Di dalam pondok pesantren begitu banyak kajian keilmuan yang dikaji dan ditela’ah serta dibedah susunan Nahwu dan Shorrofnya, mengingat sebuah kitab  nahwu al-Imrithy dalam pembukaannya yang menyebutkan bahwa Nahwu sebagai Bapak dari segala kitab dan Shorrof adalah ibunya. Begitu penting mengenal bapak dan ibu dari segala ilmu kitab ini, banyak kitab-kitab yang menerangkan lebih detail lagi tentang dua cabang ilmu ini. Tingkat kitab nahwu untuk pemula sekedar pengenal huruf-huruf yang berhukum jer dan selebihnya terdapat dalam kitab Al-‘Awamil dilanjutkan dengan nahwu wadi’, Al-Jurumiyah, Al-Imrithy, Alfiyah hingga tingkat tinggi seperti Mughniy Al-Labib. Mempelajari kitab Shorrof mulai dari tingkat dasar Amsilah at-tashrifiyah hingga ketingkat tinggi seperti Al-maqsudil Maufud.
Para kyai sangat beragam cabang ilmu yang di dalaminya.
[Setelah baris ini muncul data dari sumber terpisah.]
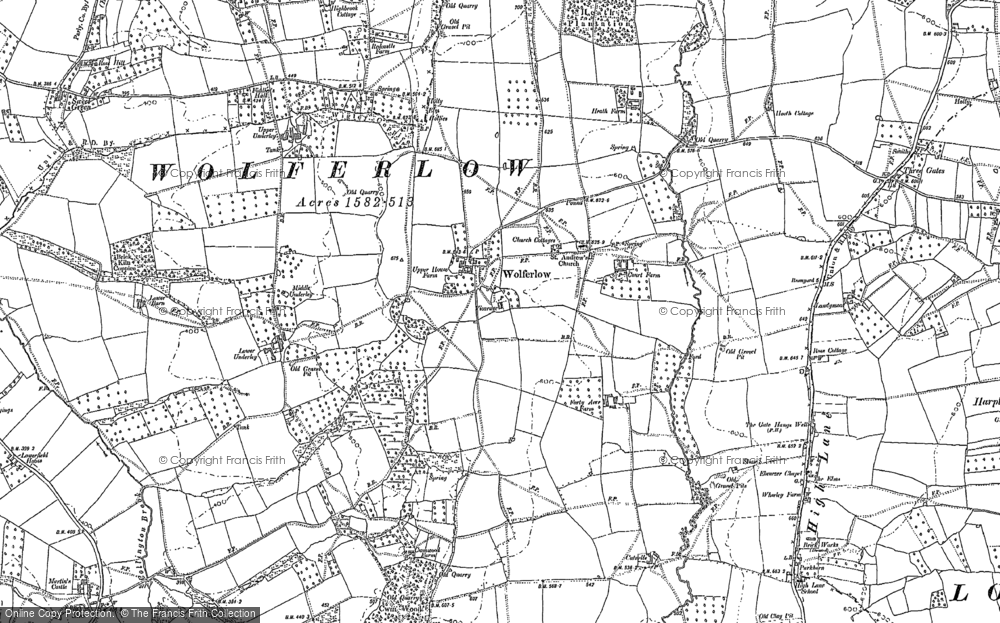 Old Map of Wolferlow, 1902 in 1902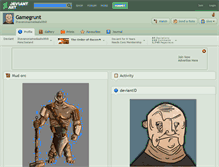 Tablet Screenshot of gamegrunt.deviantart.com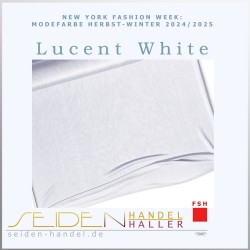 Strickschlauch Singlejersey, 80g/m, 104cm, in Trendfarbe Lucent White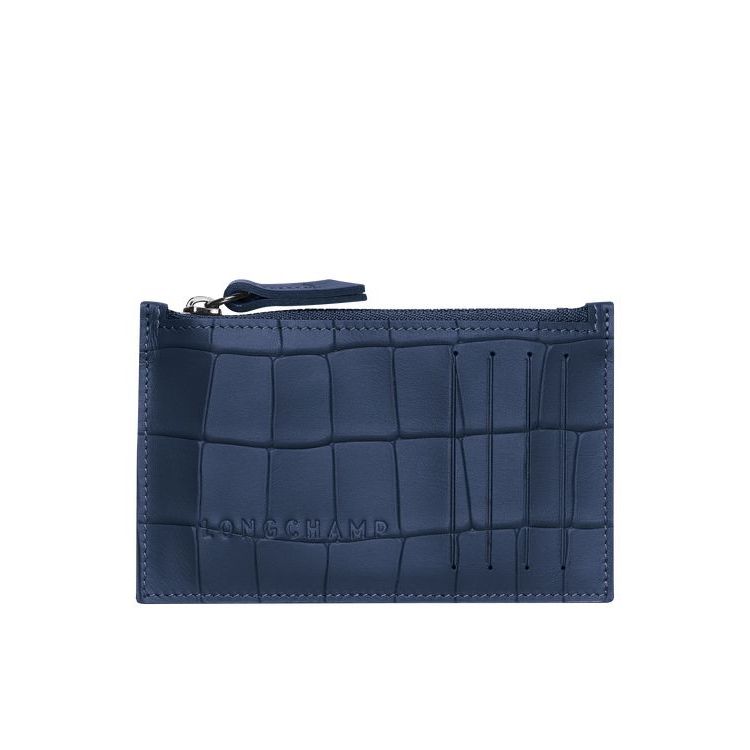 Porte-Cartes Longchamp Cuir Bleu Marine | 72491-BKVF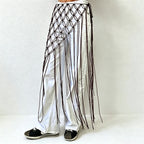 CouldNook Macrame Fringe Skirt Cover - Layered Decor Accent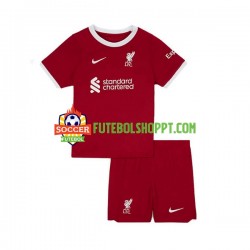 Camisola Júnior Liverpool Principais Equipamento 2023-2024 Manga Curta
Seperti para Ulama’ di Indonesia, KH. Hasyim Asyari pendiri Pondok pesantren Tebu Ireng Jombang yang sekaligus pemerkasa Nahdlotul Ulama’ yang sudah tidak asing di telinga kita, juga cucu emasnya yaitu pengasuh Pondok Pesantren Tebu Ireng Jombang, KH. Abdur Rahman Wahid yang akrab disapa Gus Dur ini mempunyai ilmu yang dalam dan daya ingat yang sangat kuat serta daya pikatnya dalam memberikan wejangan yang renyah dengan bahasa yang santai dan mengena, kadang dibumbuhi dengan guyonan-guyonan Gus Dur. Meninjau kota tapal kuda juga terkenal dengan sebutan kota garam yang dihubungkan oleh jembatan Suramadu yaitu Kyai Cholil Bangkalan yang terkenal dengan ilmu tashawuf dan ilmu Ladduninya, sebuah Ilmu yang merupakan Ma’unah dari Allah tanpa belajar dengan Ngoyo-ngoyo. Juga Kyai Muhammad As’ad Syamsul Arifin pendiri Pondok Pesantren Salafiyah Safi’iyah Sukorejo dan  Kyai Hamid Pasuruan yang terkenal dengan Ilmu Tashawufnya. Adapun KH. Sulahak Syarif, pengasuh pondok pesantren Kyai Syarifuddin Lumajang yang terkenal dengan Ilmu Faroidnya dalam kitab yang berjudul “Minhatul Mughits
Sungguh besar pengaruh para Kyai dan segala kajian Ilmunya dalam pengembangan Pondok Pesantren dan para santrinya sebagai bekal untuk menjadi kader-kader pemerjuang agama Islam yang meluas di Indonesia yang mulai dilanda perbedaan pendapat sehingga terkesan bersaing antara satu pemahaman dengan pemahaman lain. Namun, dengan mengingat Sabda Rasulullah, “Ikhtilafu ummatiy rohmatun” yaitu perbedaan di antara ummatku adalah rahmat. Para pemegang pemahaman dapat hidup rukun menuju masyarakat yang madani.